**ASSIGNED TASK**
Although the entries contain pictures, write out only their text, exactly as it stands.

**DATA FOR THE TASK**

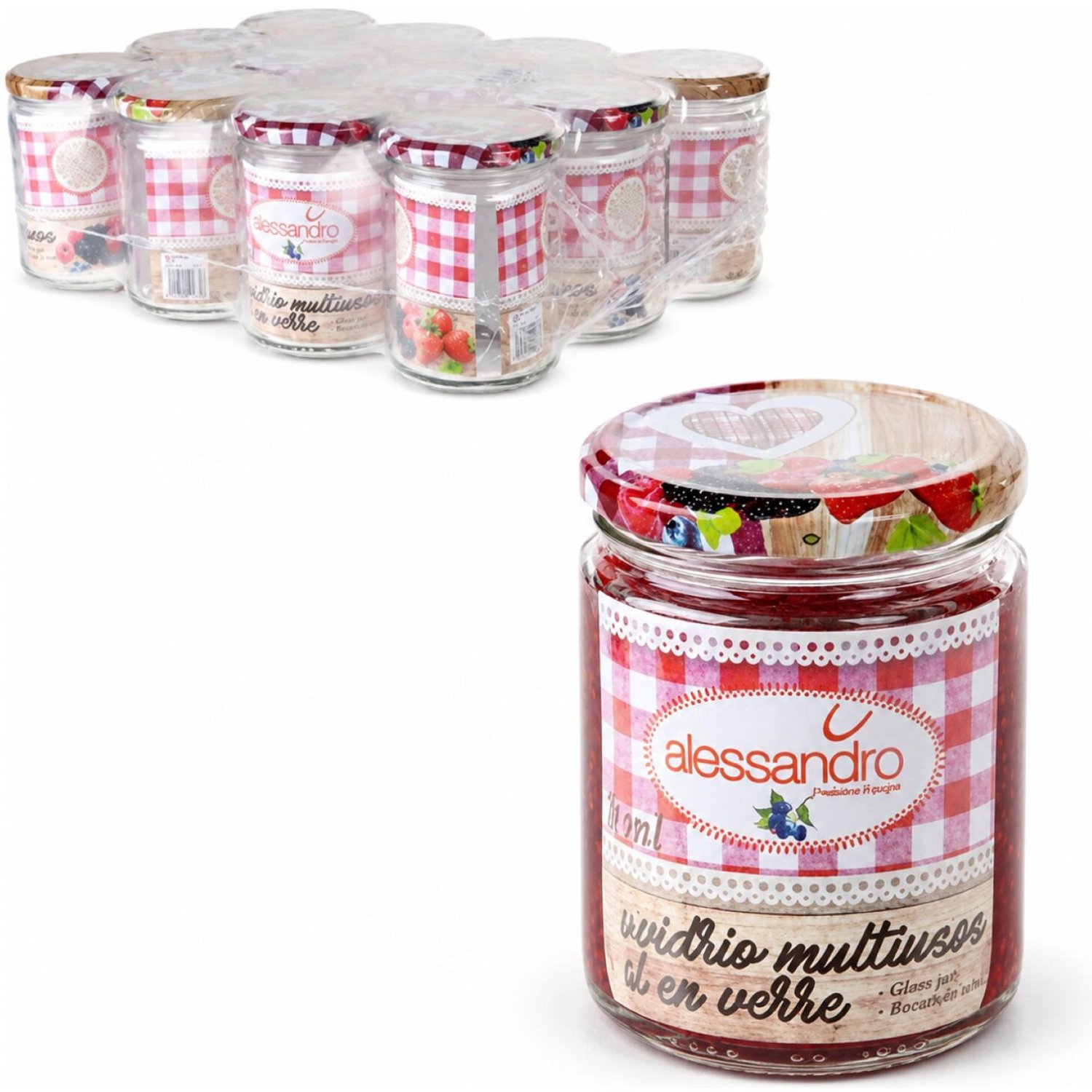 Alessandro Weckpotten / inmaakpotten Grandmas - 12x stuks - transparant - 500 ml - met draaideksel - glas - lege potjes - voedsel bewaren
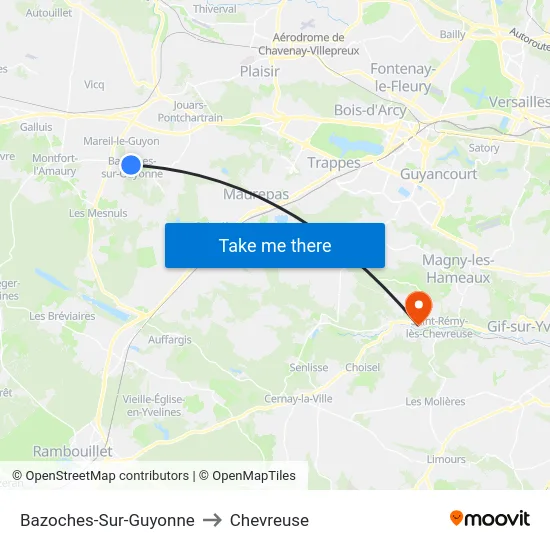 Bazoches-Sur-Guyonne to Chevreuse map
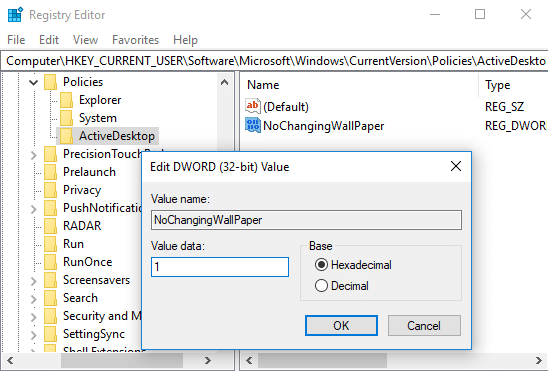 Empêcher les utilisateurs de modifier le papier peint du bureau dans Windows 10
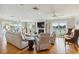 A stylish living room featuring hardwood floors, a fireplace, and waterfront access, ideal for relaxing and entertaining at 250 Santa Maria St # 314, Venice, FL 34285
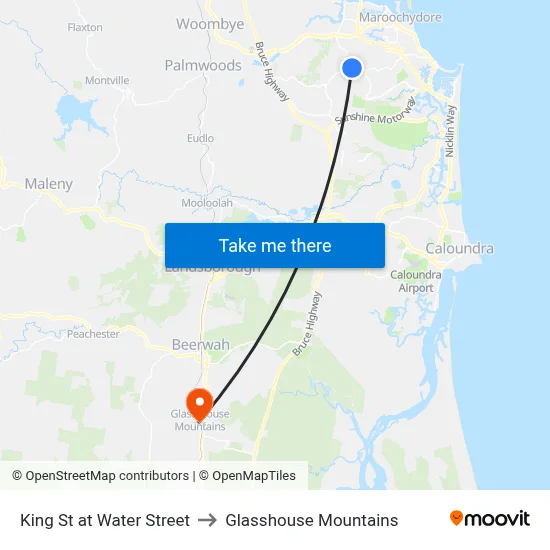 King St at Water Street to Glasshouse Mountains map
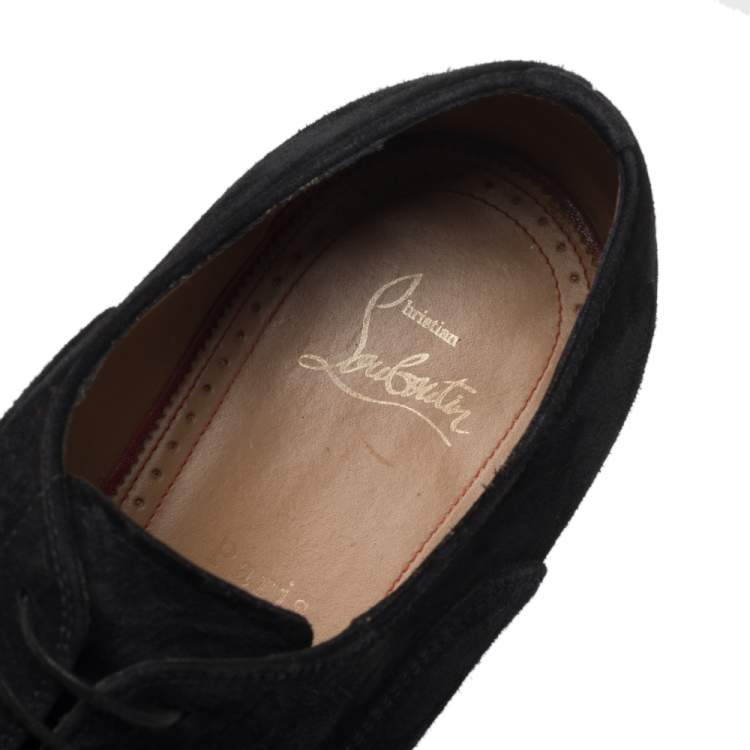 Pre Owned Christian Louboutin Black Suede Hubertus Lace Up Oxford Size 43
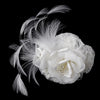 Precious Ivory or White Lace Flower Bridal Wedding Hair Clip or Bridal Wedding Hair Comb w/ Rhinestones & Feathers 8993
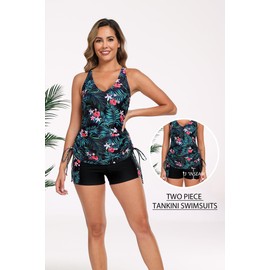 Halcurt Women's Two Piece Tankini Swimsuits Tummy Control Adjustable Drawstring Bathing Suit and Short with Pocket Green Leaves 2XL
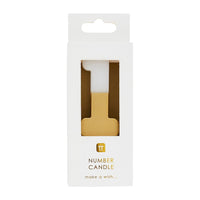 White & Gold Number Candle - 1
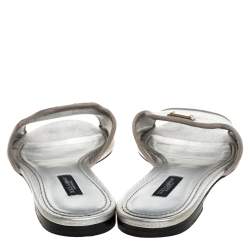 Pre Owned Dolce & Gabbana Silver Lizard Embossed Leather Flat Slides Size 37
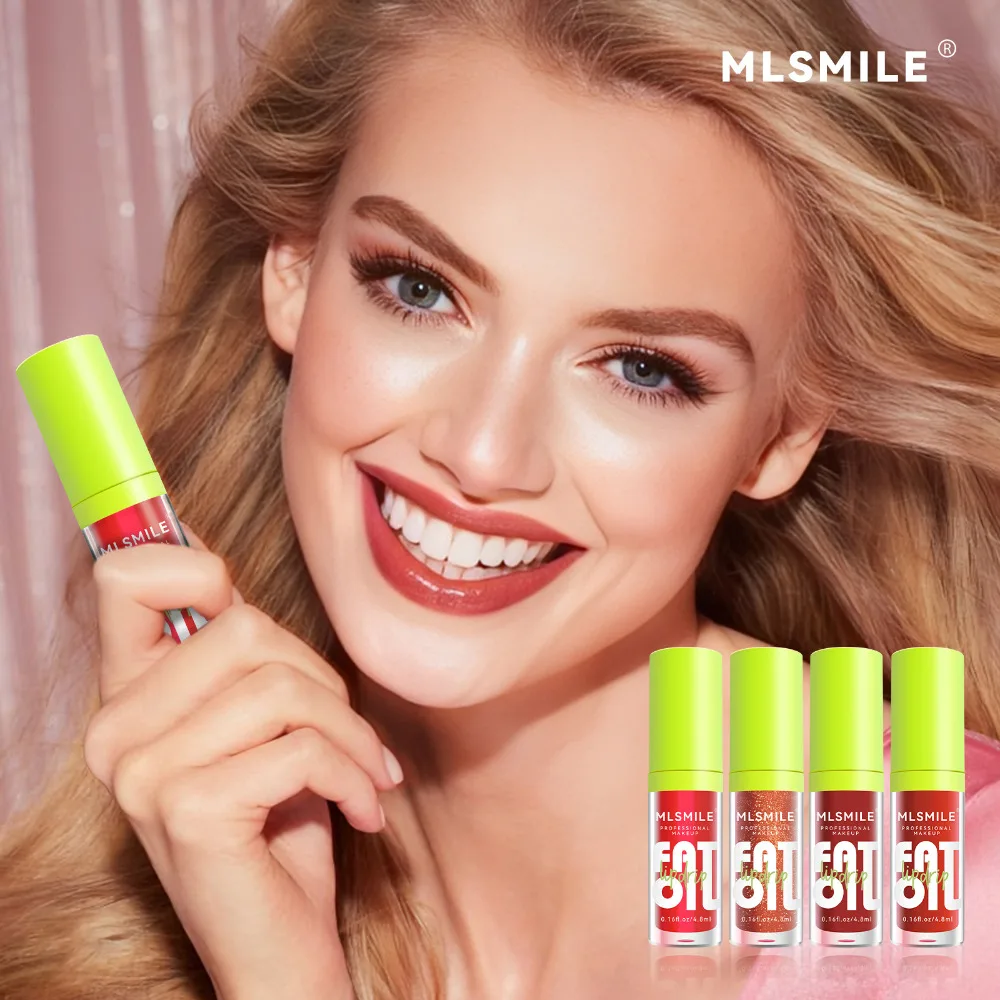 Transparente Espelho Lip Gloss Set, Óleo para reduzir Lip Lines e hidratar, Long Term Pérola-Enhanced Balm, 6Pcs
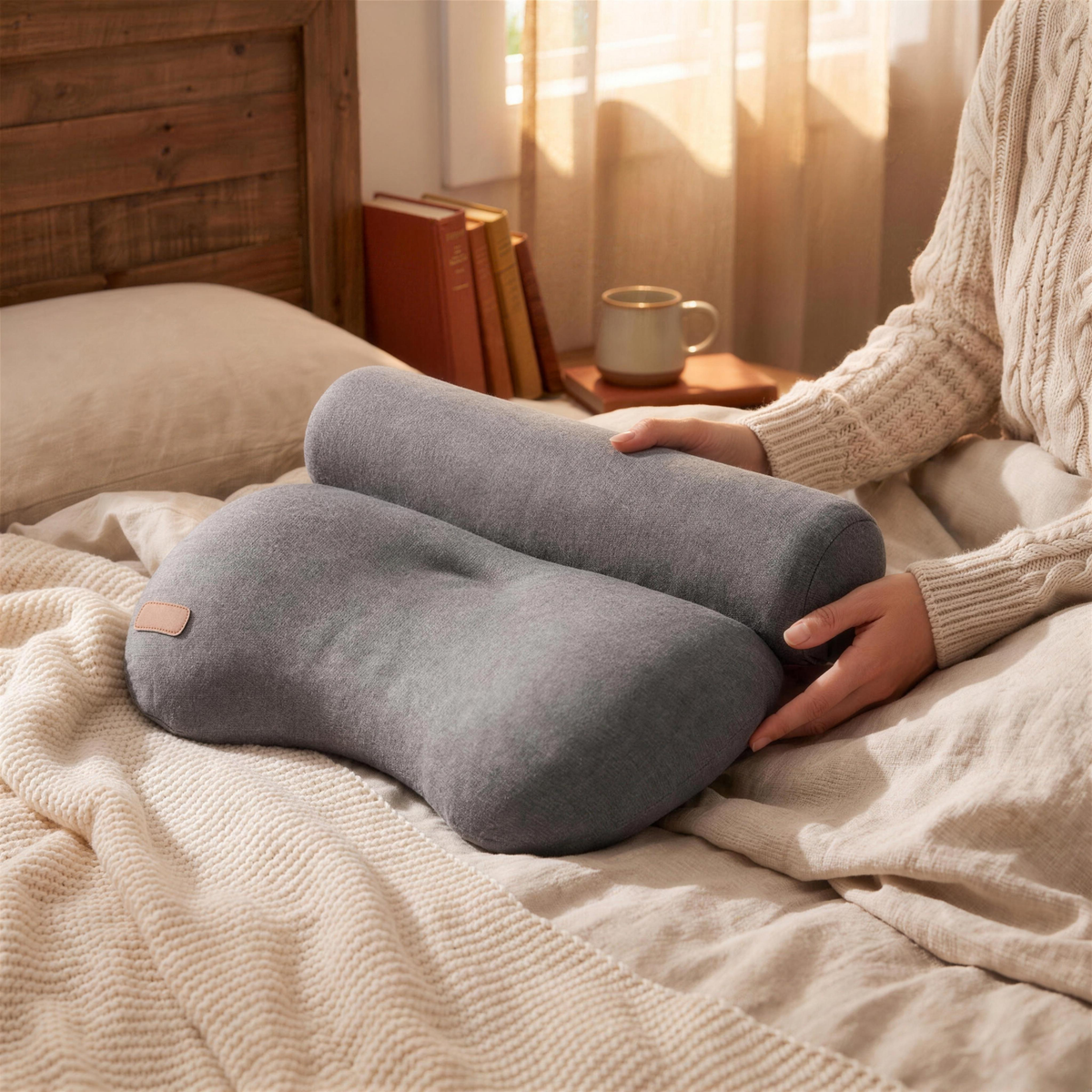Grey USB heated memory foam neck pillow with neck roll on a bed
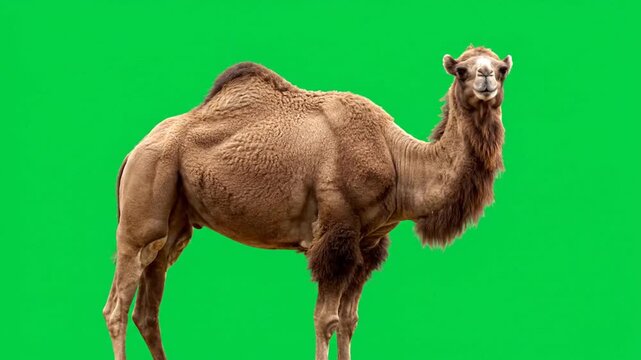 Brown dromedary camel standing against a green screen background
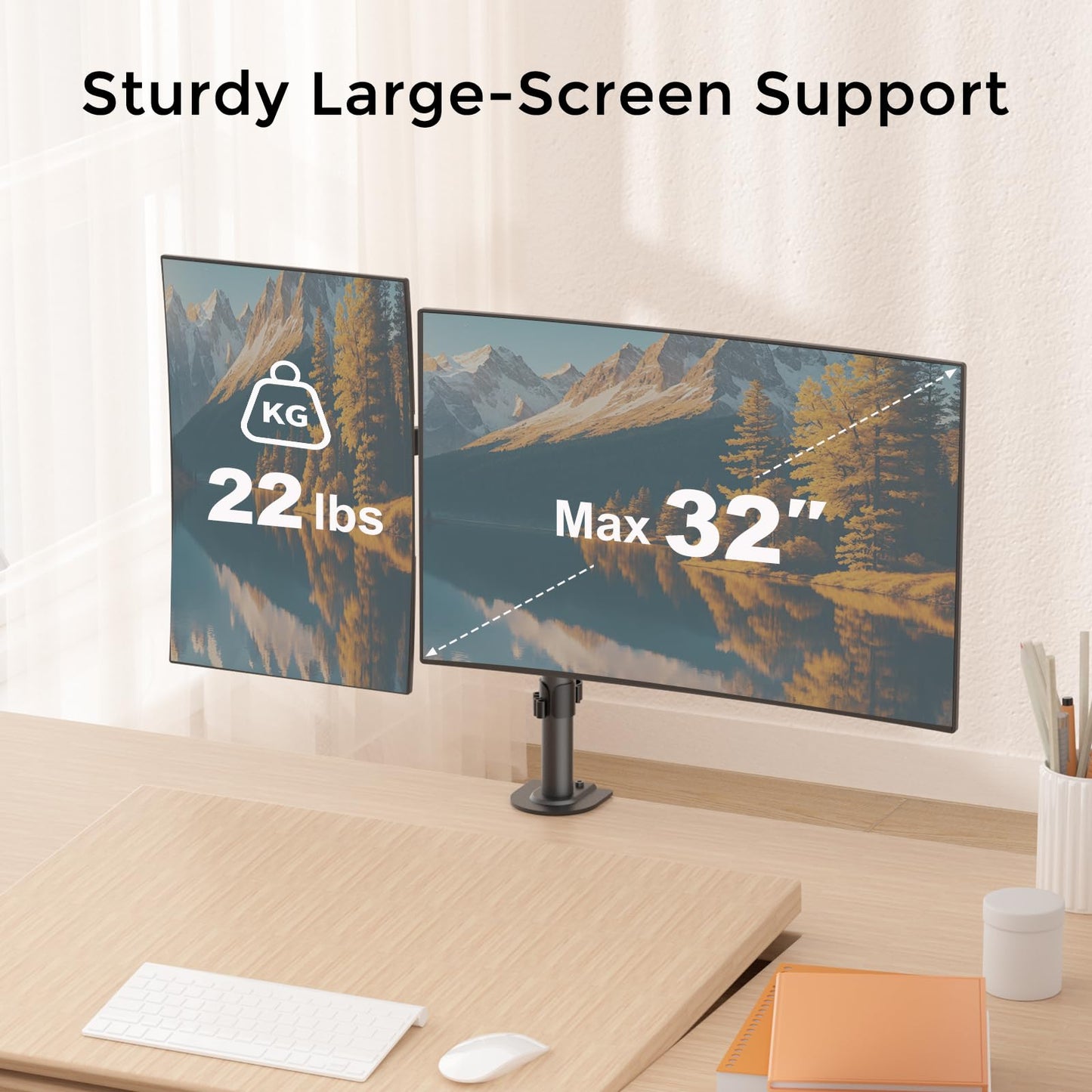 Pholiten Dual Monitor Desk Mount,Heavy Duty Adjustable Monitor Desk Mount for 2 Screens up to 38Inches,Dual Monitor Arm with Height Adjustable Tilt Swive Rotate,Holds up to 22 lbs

**RESULT**
 Alessandro Weckpotten / inmaakpotten Grandmas - 12x stuks - transparant - 500 ml - met draaideksel - glas - lege potjes - voedsel bewaren
 Bazoches-Sur-Guyonne to Chevreuse map
 Empêcher les utilisateurs de modifier le papier peint du bureau dans Windows 10
 A stylish living room featuring hardwood floors, a fireplace, and waterfront access, ideal for relaxing and entertaining at 250 Santa Maria St # 314, Venice, FL 34285
 King St at Water Street to Glasshouse Mountains map
 Pre Owned Christian Louboutin Black Suede Hubertus Lace Up Oxford Size 43
 Precious Ivory or White Lace Flower Bridal Wedding Hair Clip or Bridal Wedding Hair Comb w/ Rhinestones & Feathers 8993
 Halcurt Women's Two Piece Tankini Swimsuits Tummy Control Adjustable Drawstring Bathing Suit and Short with Pocket Green Leaves 2XL
 White & Gold Number Candle - 1
 Pre Owned Dolce & Gabbana Silver Lizard Embossed Leather Flat Slides Size 37
 Transparente Espelho Lip Gloss Set, Óleo para reduzir Lip Lines e hidratar, Long Term Pérola-Enhanced Balm, 6Pcs
Grey USB heated memory foam neck pillow with neck roll on a bed
 Brown dromedary camel standing against a green screen background
 Pholiten Dual Monitor Desk Mount,Heavy Duty Adjustable Monitor Desk Mount for 2 Screens up to 38Inches,Dual Monitor Arm with Height Adjustable Tilt Swive Rotate,Holds up to 22 lbs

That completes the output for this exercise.